Nicolás Maduro e Cilia Flores comparecem a tribunal em Nova York nesta segunda-feira
Presidente da Venezuela e sua esposa são acusados de narcoterrorismo e aguardam julgamento nos EUA.
O presidente da Venezuela, Nicolás Maduro, e sua esposa, Cilia Flores, comparecerão nesta segunda-feira (5) a um tribunal federal em Nova York. Esta será a primeira audiência do casal nos Estados Unidos após sua captura e transferência para o país, conforme confirmaram fontes judiciais.
A audiência está agendada para às 14h (horário de Brasília) e será conduzida pelo juiz federal Alvin K. Hellerstein, no Tribunal do Distrito Sul de Nova York, localizado em Manhattan.
Desde a noite de sábado, Maduro e Flores estão detidos no Centro de Detenção Metropolitano (MDC) do Brooklyn, uma prisão federal de alta segurança.
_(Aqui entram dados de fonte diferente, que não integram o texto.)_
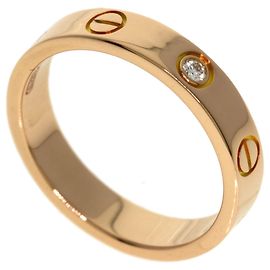 Bague Mini Love Cartier en or rose 18K Doré
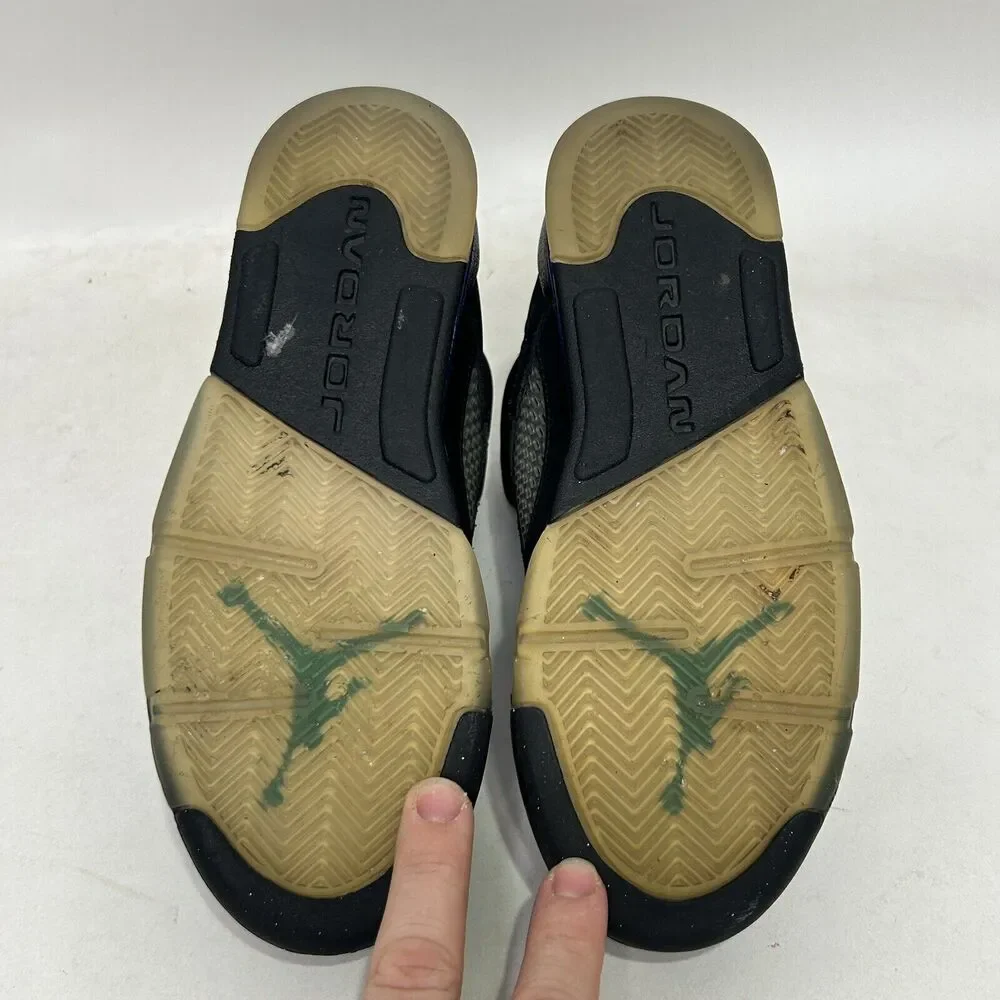 Nike Shoes Air Jordan 5 Retro GS “Black Grape” 2024 - Picture 7 of 8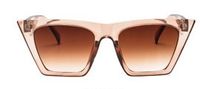 Fashion Solid Color Resin Cat Eye Full Frame Women's Sunglasses sku image 3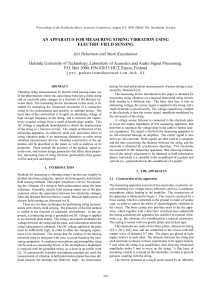 AN APPARATUS FOR MEASURING STRING VIBRATION USING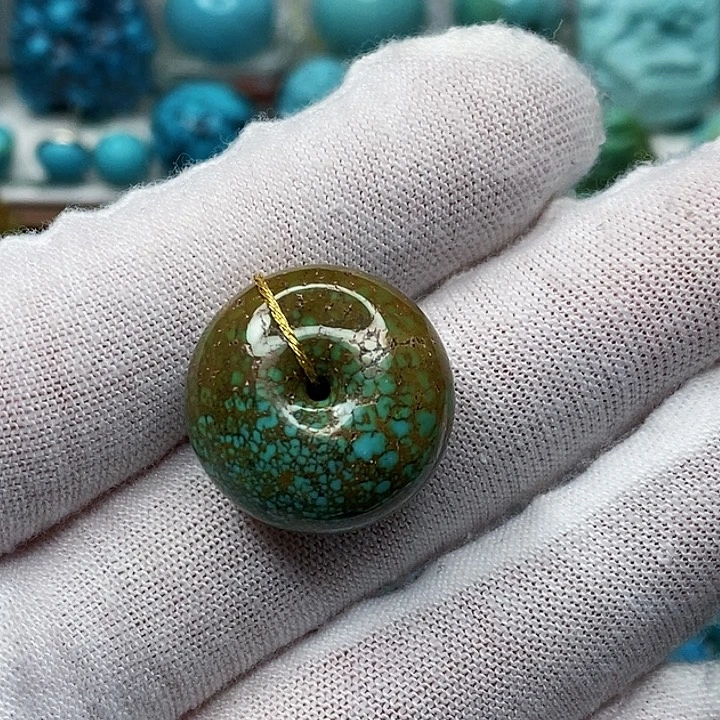 绿松石未镶嵌天然原矿 地大质检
A audiência ocorrerá após o governo dos Estados Unidos anunciar a captura do presidente venezuelano em Caracas, em uma operação que incluiu ataques aéreos contra alvos na Venezuela.
Maduro enfrenta quatro acusações federais nos Estados Unidos: conspiração para narcoterrorismo, conspiração para a importação de cocaína, posse de metralhadoras e dispositivos destrutivos, além de conspiração para possuir esses mesmos artefatos em apoio a atividades criminosas. Ele é acusado de liderar uma rede que utilizava o tráfico de drogas como arma contra os Estados Unidos.
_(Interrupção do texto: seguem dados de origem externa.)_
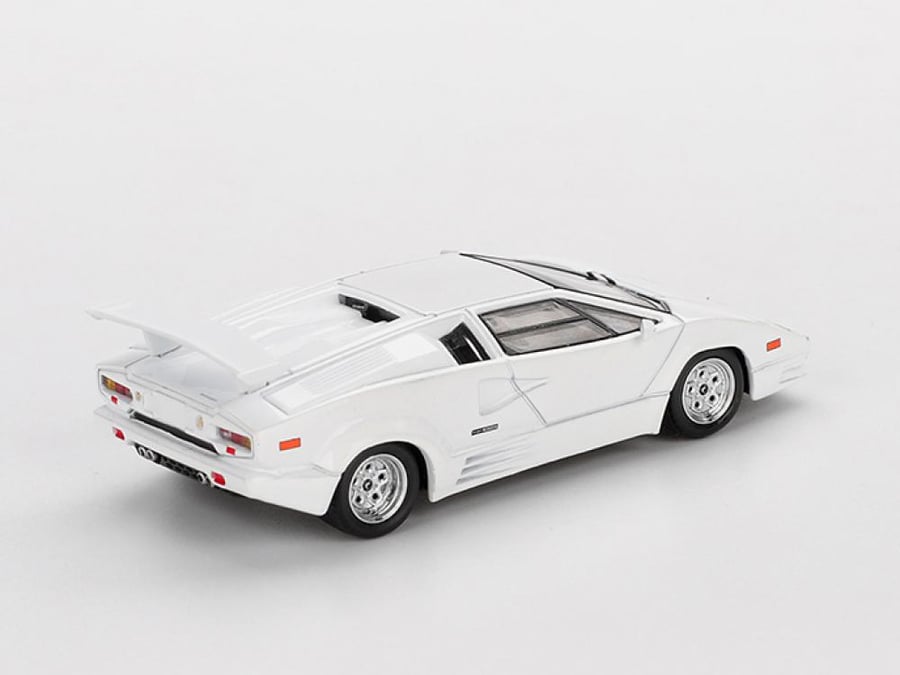 Lamborghini Countach 25th Anniversary White 1:64 MINI GT MGT01134-CH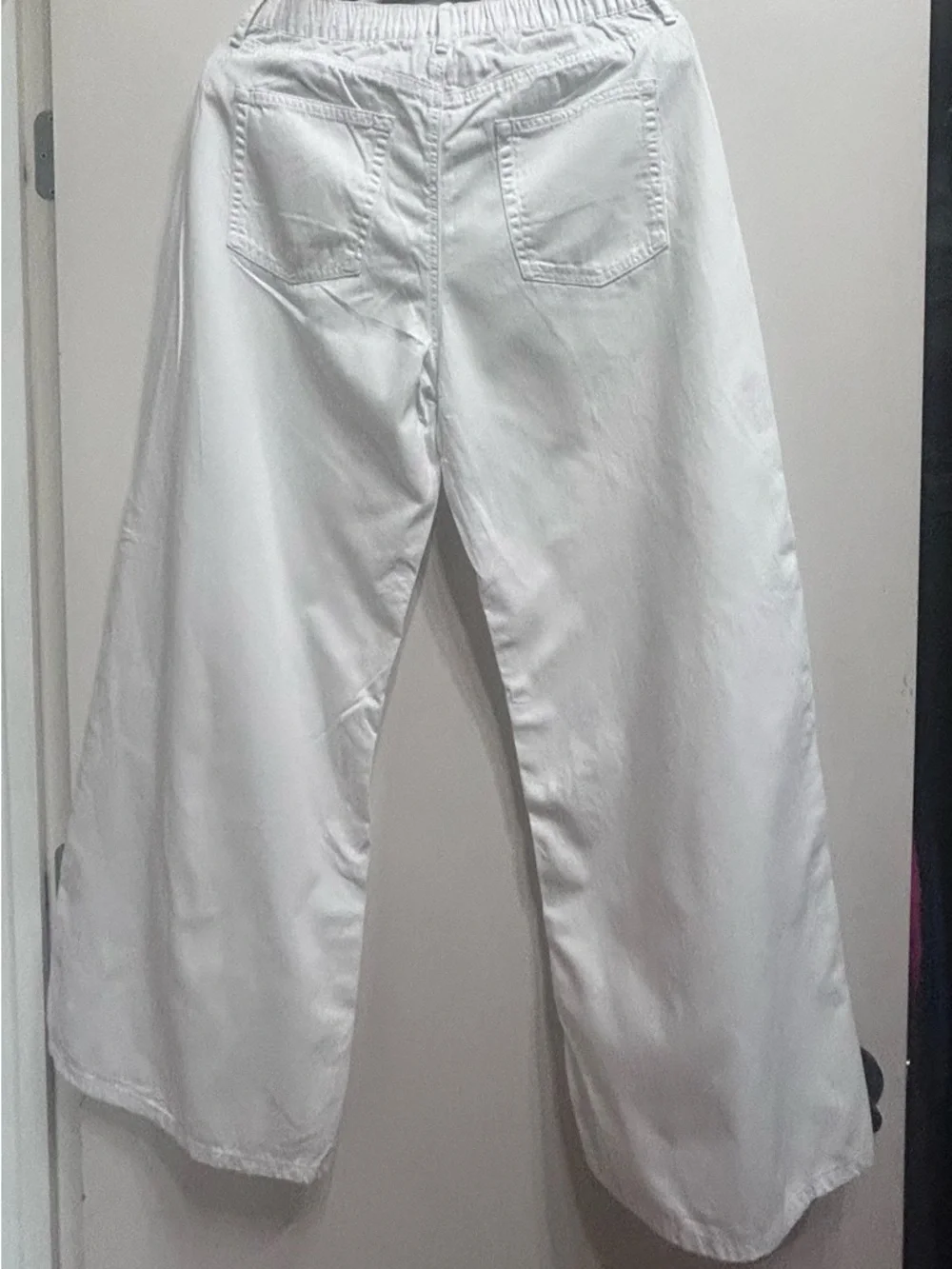 Wide Leg Women's Jeans Bright White - Picture 4 of 6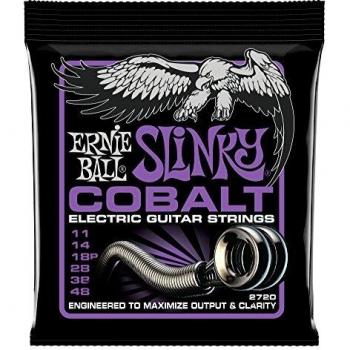 Ernie Ball Cobalt Power Slinky Electric Guitar Strings 11-48
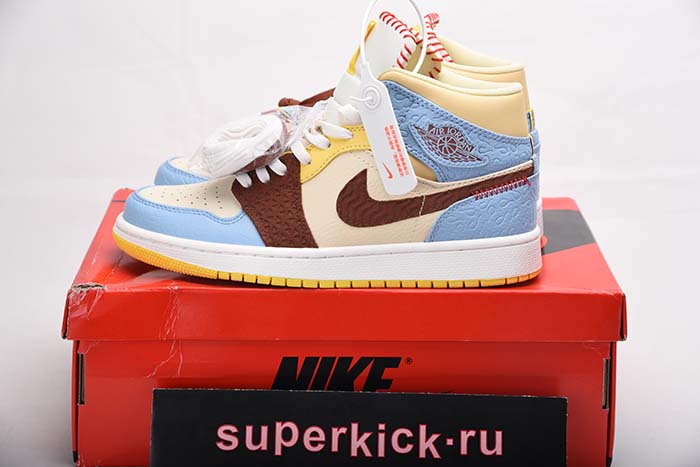 AIR JORDAN 1 MID SE FEARLESS MAISON CHATEAU CU2803-200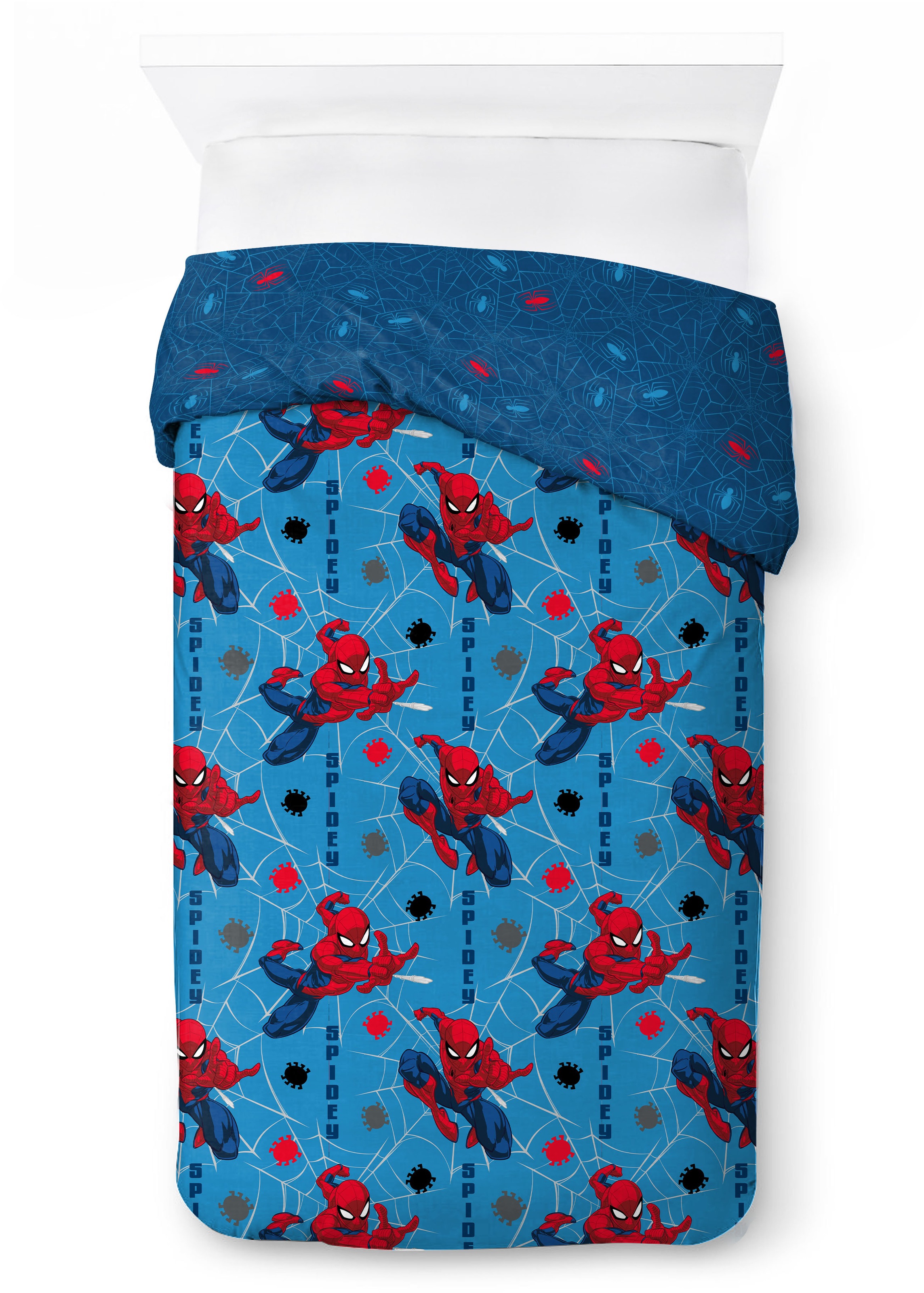 MARVEL Kinderbettwäsche »Marvel Spiderman Bettbezug-Set 135x200 cm + Kissenbezug 80x80 cm« 2 tlg. tlg. 100 % Baumwolle, maschinenwaschbar, wendbar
Por sua vez, Cilia Flores é acusada de participar de operações logísticas e financeiras que apoiavam a mesma estrutura criminosa, segundo documentos judiciais divulgados pela imprensa americana.
Em audiências semelhantes, os acusados geralmente são apresentados a um juiz para a leitura formal das acusações, verificação de identidade e definição de aspectos preliminares, como a prisão preventiva ou nomeação de advogados.
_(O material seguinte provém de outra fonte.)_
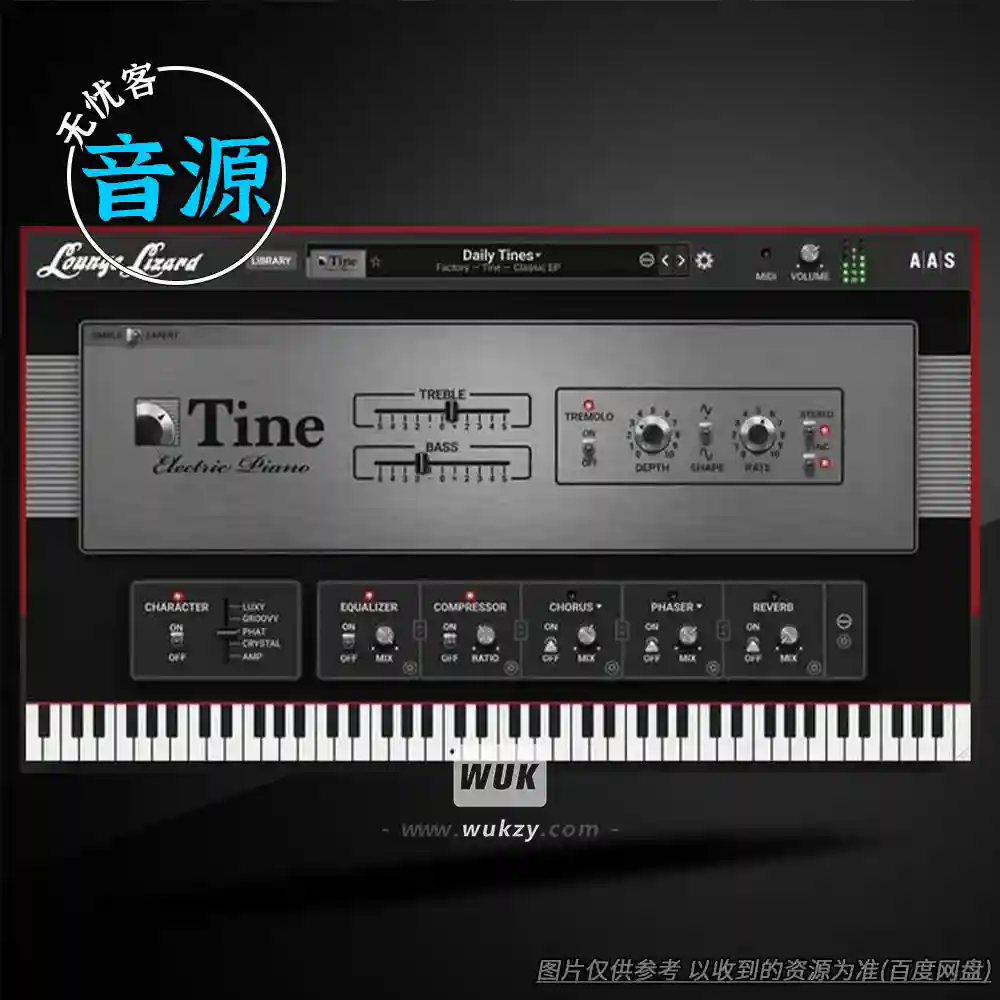 音源丨Applied Acoustics Systems Lounge Lizard EP（电钢-复古拉杆建模）（W+M）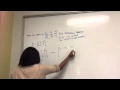 Calc 2 Extra Credit Finding an Upper Triangular Matrix Using Elementary Matrices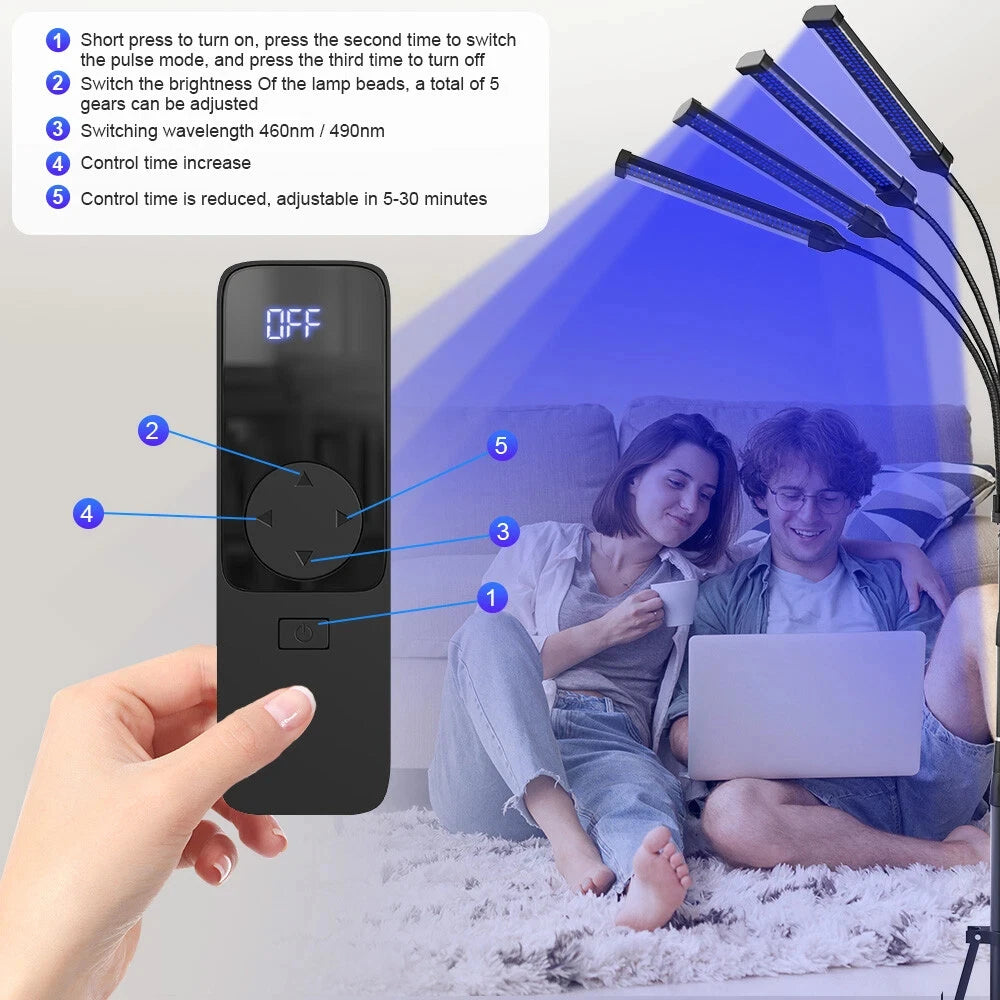 KTS 360 Rotation Tanning Solarium Lamp 4-Head 60W Whole Body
É provável que ambos permaneçam em prisão preventiva sem direito a fiança enquanto o processo judicial avança, conforme noticiado por veículos de comunicação como “The New York Times” e “CBS”.
A procuradora-geral dos Estados Unidos, Pamela Bondi, divulgou um comunicado conjunto com o Departamento de Justiça, o FBI e a Agência Antidrogas (DEA) sobre a operação que resultou na captura de Maduro e Flores. O comunicado destaca que a operação exigiu meses de planejamento e tinha como objetivo garantir o transporte seguro dos acusados para que pudessem responder às acusações federais.
O comunicado também ressalta que todos os procedimentos foram realizados em conformidade com a lei americana e que a ação apoiou uma investigação criminal em andamento relacionada ao tráfico de drogas e crimes conexos, que, segundo Washington, contribuem para a violência e a crise das drogas na região.
Maduro chegou a Nova York na noite de sábado a bordo de um avião militar e foi transferido para um prédio federal da DEA antes de ser levado ao MDC do Brooklyn, que abriga réus de casos de alta complexidade criminal.